With all that in mind, here is the list:
1. Mines Management, Inc. (Ticker: MGN)
Mines Management acquires, develops, and explores mineral properties in the United States, with the intention of producing silver and copper. The company’s biggest project is the Montamore property in Montana, which covers over 1,500 acres.
Mines Management’s officers and directors are heavily invested in their firm, owning over 20% of the company’s shares. This is by far the most of any major-index gold or silver firm. Over the past fifty-two weeks, management has increased shareholder value by close to 200%, nearly tripling the price of MGN shares from $0.91 to $2.64. Management has done this without taking on any new debt, and in fact, the firm has no long-term debt, and a debt-to-equity ratio of 0%. Mines Management’s balance sheet is very strong—the firm has $7.7 million in cash on hand and only $1.7 million in total liabilities!
Mines Management is a tiny micro-cap stock with a total market valuation of just $68.83 million. Its share price is under $5, but unlike most “penny stocks,” it trades on a major exchange—the American Stock Exchange—and not the Pink Sheets or OTCBB.
MGN’s Management Grades
Stewardship: A, Financial Management: A-, Performance: B+
2. Eldorado Gold Corp. (Ticker: EGO)
Eldorado Gold is a Vancouver-based gold-mining company with active operations in Brazil, China, and Turkey.
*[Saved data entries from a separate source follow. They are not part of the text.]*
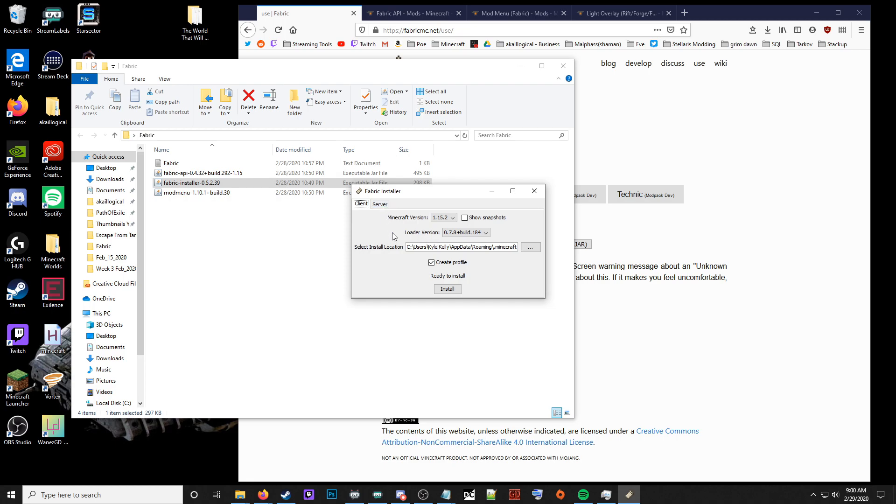It's going to show this window here. Select where the location is. It should select your Minecraft folder, at least it did for me. If your Minecraft folder is in a different location, you'll need to direct it to that. After that, click install.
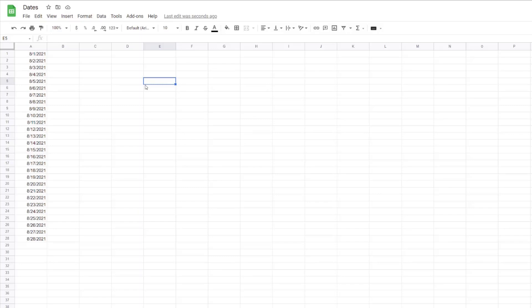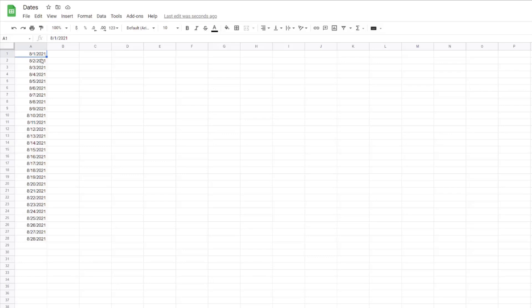If you've got a Google Sheet and the dates are in the wrong format—in this case, the US format—and you want to change this into your local format so it always shows the date in the correct format for where you're located, here's what you do.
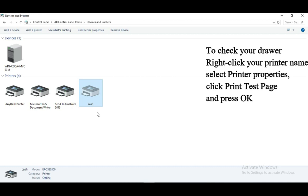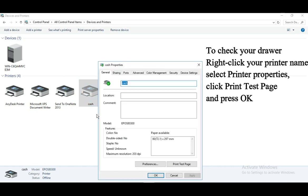To test your drawer, right-click your printer name, select Printer Properties, click Print Test Page, and press OK.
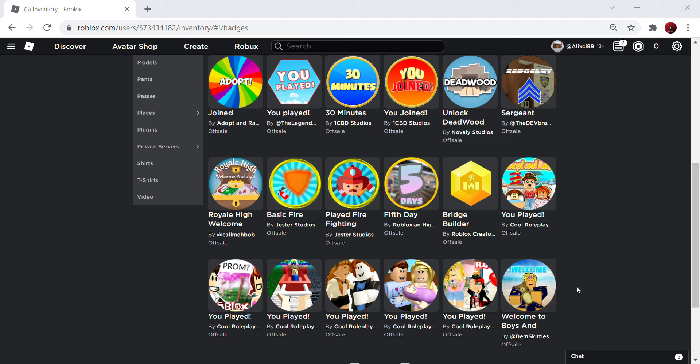Hello everybody, today we are back with another Roblox video and guys, today we are gonna see how much badges do I have in my Roblox profile. The goal is to pass 500 badges on my profile.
Its CEO, Paul N. Wright, has been with the company since 1996 and has been chief executive since 1999. Mr. Wright has over a quarter-century of experience in developing and operating open-pit and underground gold mines, and his expertise has helped make investors big bucks. Over the past fifty-two weeks, Eldorado’s stock price has soared by more than 164%.
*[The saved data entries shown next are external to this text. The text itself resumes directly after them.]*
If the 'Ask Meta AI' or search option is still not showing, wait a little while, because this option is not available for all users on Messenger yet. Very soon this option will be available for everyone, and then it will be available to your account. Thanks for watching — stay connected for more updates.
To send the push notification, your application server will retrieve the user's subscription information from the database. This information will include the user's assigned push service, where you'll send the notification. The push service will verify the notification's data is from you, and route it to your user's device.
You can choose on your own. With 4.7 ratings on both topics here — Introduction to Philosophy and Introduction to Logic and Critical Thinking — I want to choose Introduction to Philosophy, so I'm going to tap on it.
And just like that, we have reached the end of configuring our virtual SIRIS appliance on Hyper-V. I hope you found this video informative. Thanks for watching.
Eldorado’s management has grown sales by a compound average of 55% each of the past three years. The company’s return-on-equity last year was 26.4%—by far the highest of any gold company. The firm has no long-term debt and an impeccable balance sheet. For instance, its current assets alone ($299.1 million—$149 million in cash!) dwarf its total liabilities ($127.7 million).
Finally, insiders own 6.95% of the firm’s shares. This might not sound like a whole lot, but the average for gold and silver companies is only around 5%. Eldorado is a $5.33 billion stock that trades on the NYSE.
EGO’s Management Grades
Stewardship: B+, Financial Management: A, Performance: B-
3. Silver Wheaton Corporation (Ticker: SLW)
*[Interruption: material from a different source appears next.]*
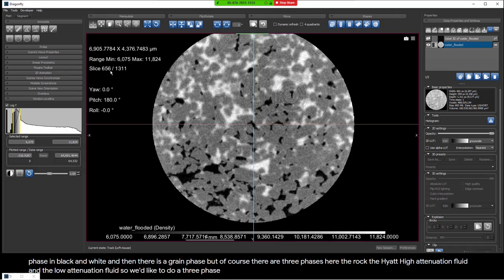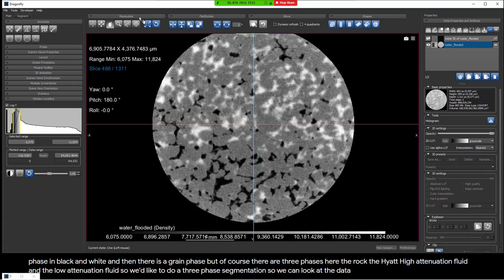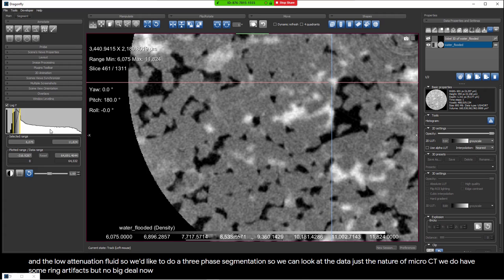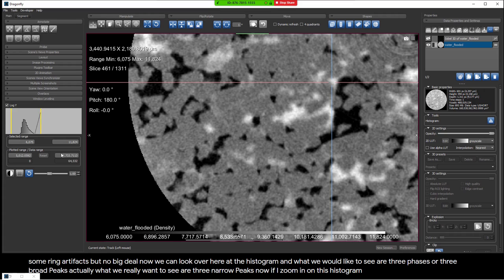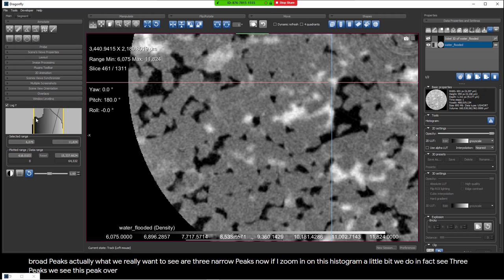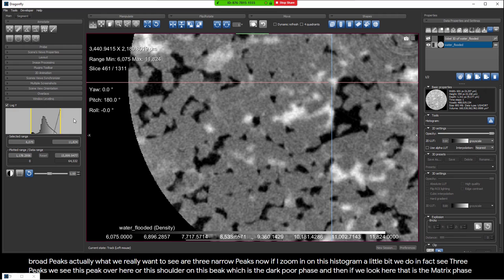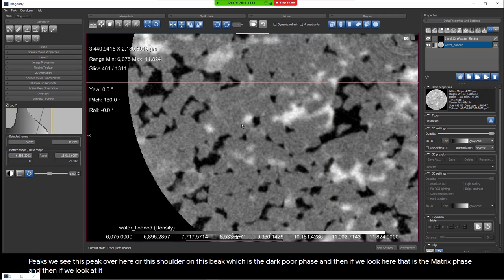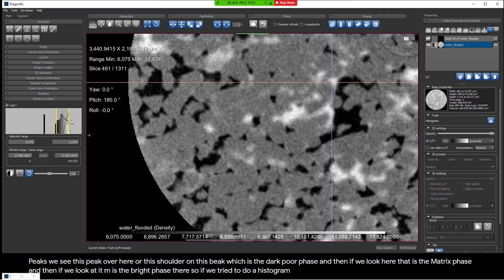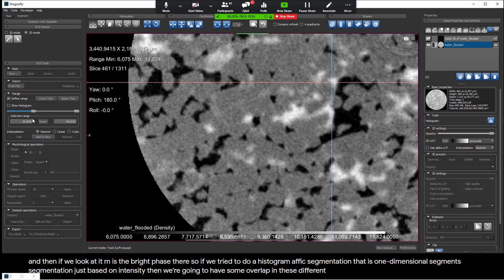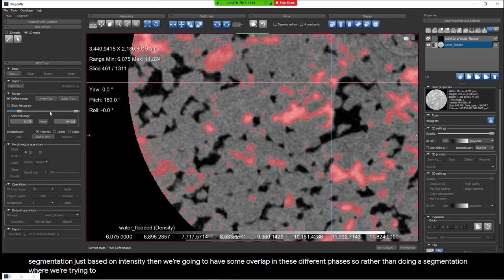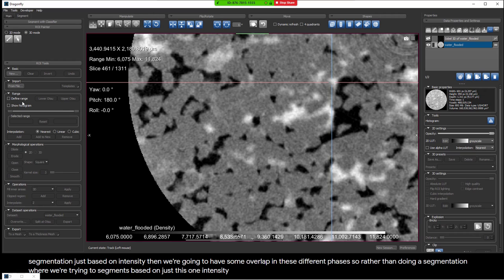It's not uncommon to have a rock saturated with a fluid and then do an imbibition or drainage experiment where you pump in another fluid — in this case stained with a high X-ray attenuation stain, making it much brighter. So the pore space is all the black pixels and all the bright pixels. There are three phases: the rock, the high-attenuation fluid, and the low-attenuation fluid. If we look at the histogram, we'd like to see three narrow peaks, and zooming in we do see three peaks — with some overlap between phases.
Silver Wheaton is a unique silver company. Rather than mining silver, Silver Wheaton obtains it through long-term purchase contracts. Thus, shares of SLW are an un-hedged, almost “pure play” on silver—maybe the next best thing to physical silver in your hand.
Silver Wheaton’s CEO is Peter Barnes. He’s one of the founders of Silver Wheaton and has been with the company since its inception in 2004. Prior to that, he was CFO of Wheaton River Metals. Barnes and the rest of Silver Wheaton’s management team are generally given high marks for their focus on increasing shareholder value by expanding the firm’s exposure to low-cost silver. Silver Wheaton insiders own over 10% of the firm’s shares, which are up more than 475% over the past fifty-two weeks. The firm also generates a pretty solid return on equity at 9.7%.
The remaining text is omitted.